Exercise materials: Begin
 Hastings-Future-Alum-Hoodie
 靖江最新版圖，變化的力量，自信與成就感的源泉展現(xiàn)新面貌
Exercise materials: End
Exercise materials: Begin
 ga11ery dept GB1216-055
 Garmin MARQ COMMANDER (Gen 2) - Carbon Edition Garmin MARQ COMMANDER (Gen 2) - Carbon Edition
Exercise materials: End
Exercise materials: Begin
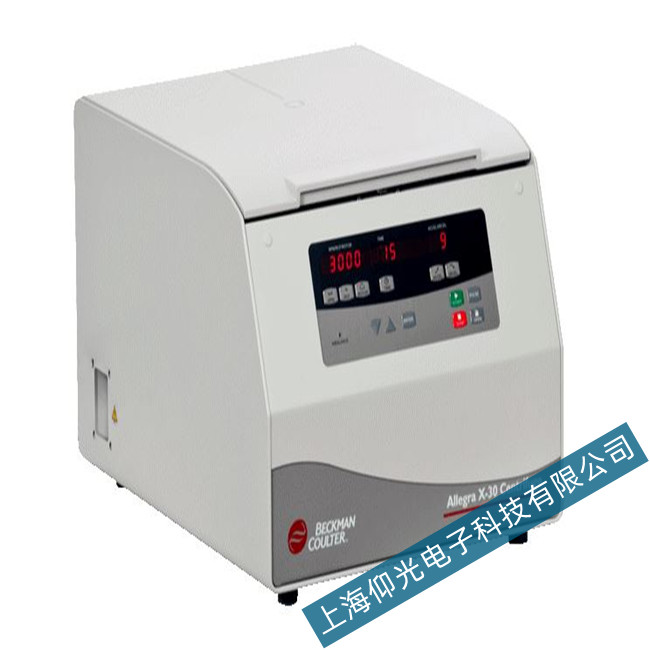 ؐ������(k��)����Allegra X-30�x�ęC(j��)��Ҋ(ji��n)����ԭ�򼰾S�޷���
Exercise materials: End
▶ _Exercise goal_
Set down, exactly as they stand above, the lines starting with the line with "Hastings-Future-Alum-Hoodie" and going on through the line with "靖江最新版圖，變化的力量，自信與成就感的源泉展現(xiàn)新面貌", and no others.

▶ _Result of this exercise_
 Hastings-Future-Alum-Hoodie
 靖江最新版圖，變化的力量，自信與成就感的源泉展現(xiàn)新面貌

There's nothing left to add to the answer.